# Delta-Y transformation of resistors

• franktherabbit
In summary, the Delta-Y resistor transformation work out the conductance transformation equation, but the equation they get is different than the equation they use for Y-Delta transformation. They must have used a logical move to get there.
franktherabbit

## Homework Statement

Starting from the expression of the Delta-Y resistor transformation work out the conductance transformation equation.

## Homework Equations

3. The Attempt at a Solution [/B]
I will just be using one equation as others are done analogically. My Δ has ##(R_{12},R_{23},R_{13})## and my
γ has ##(R_1,R_2,R_3)##.
The first equation of transformation goes:
##R_1=\frac{R_{12}*R_{31}}{R_{12}+R_{23}+R_{13}}##
When i use that ##R=\frac{1}{G}## i get that
##G_1=\frac{G_{12}+G_{23}+G_{31}}{G_{23}}## which is not what they get. They get the same equation you get for Y-Delta transformation except for R u write G. ow did they get to that? I used a logical move and it can't get that way. What am i missing?

franktherabbit said:
I used a logical move and it can't get that way. What am i missing?
Must be an algebra issue somewhere... but we can't tell you what's missing since it's almost all missing --- we can't check what we can't see

Can you show your work in detail?

Sure, :).
##R_1=\frac{R_{12}*R_{31}}{R_{12}+R_{23}+R_{31}}##
##G_1=\frac{1/G_{12}+1/G_{23}+1/G_{31}}{1/G_{12}*1/G_{31}}##
##G_1=\frac{(G_{12}+G_{23}+G_{31})/(G_{12}*G_{23}*G_{31})}{1/(G_{12}*G_{31})}##
##G_1=\frac{G_{12}+G_{23}+G_{31}}{G_{23}}##
See it? :)

I don't see how you went from your second line to your third. You haven't involved he denominator yet, so everything must be happening in the numerator. There you should end up with a sum of products divided by a product since all the terms are different.

franktherabbit
gneill said:
Must be an algebra issue somewhere... but we can't tell you what's missing since it's almost all missing --- we can't check what we can't see

Can you show your work in detail?

gneill said:
I don't see how you went from your second line to your third. You haven't involved he denominator yet, so everything must be happening in the numerator. There you should end up with a sum of products divided by a product since all the terms are different.
Ohhh, i see now, i had this all wrong. Turns out algebra is the killer here. Thanks man! :D

gneill

## What is a Delta-Y transformation of resistors?

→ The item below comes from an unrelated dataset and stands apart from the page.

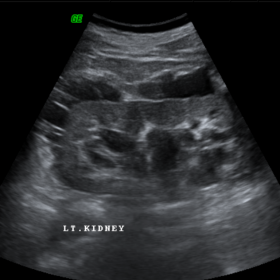 Ultrasound left kidney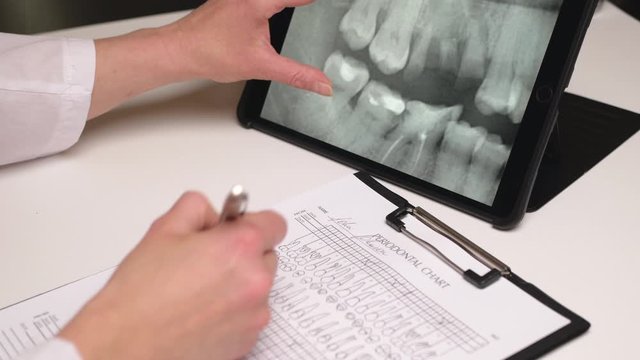 Female dentist looks at x-ray of teeth on a tablet and fills check form. Close up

A Delta-Y transformation, also known as a Pi-T transformation, is a method used to simplify a circuit with three resistors in a triangle configuration into a circuit with three resistors in a Y configuration. This can help make the circuit easier to analyze and calculate.

## Why is the Delta-Y transformation useful?

The Delta-Y transformation can simplify a complex circuit into a simpler one, making it easier to analyze and calculate. It can also help in finding the equivalent resistance of a circuit or determining the current and voltage across each resistor.

## How do you perform a Delta-Y transformation?

To perform a Delta-Y transformation, you need to first identify the three resistors in a triangle configuration. Then, label the top resistor as RAB, the bottom left resistor as RAC, and the bottom right resistor as RBC. Next, you can use the following equations to calculate the equivalent resistances of the Y configuration: RAB = RARB / (RA + RB + RC), RAC = RARC / (RA + RB + RC), and RBC = RBRC / (RA + RB + RC).

## What are the limitations of the Delta-Y transformation?

The Delta-Y transformation is only applicable to circuits with three resistors in a triangle configuration. It cannot be used for circuits with different configurations or a different number of resistors. Additionally, the transformation only works for resistors in a linear circuit and does not account for non-linear components.

## Are there any real-life applications of Delta-Y transformation?

The Delta-Y transformation is commonly used in power distribution systems, such as in electrical grids, to simplify and analyze complex circuits. It is also used in electronic circuits to calculate the equivalent resistance and determine the voltage and current flows through each resistor. Additionally, the transformation is helpful in solving problems in network analysis and electric network topologies.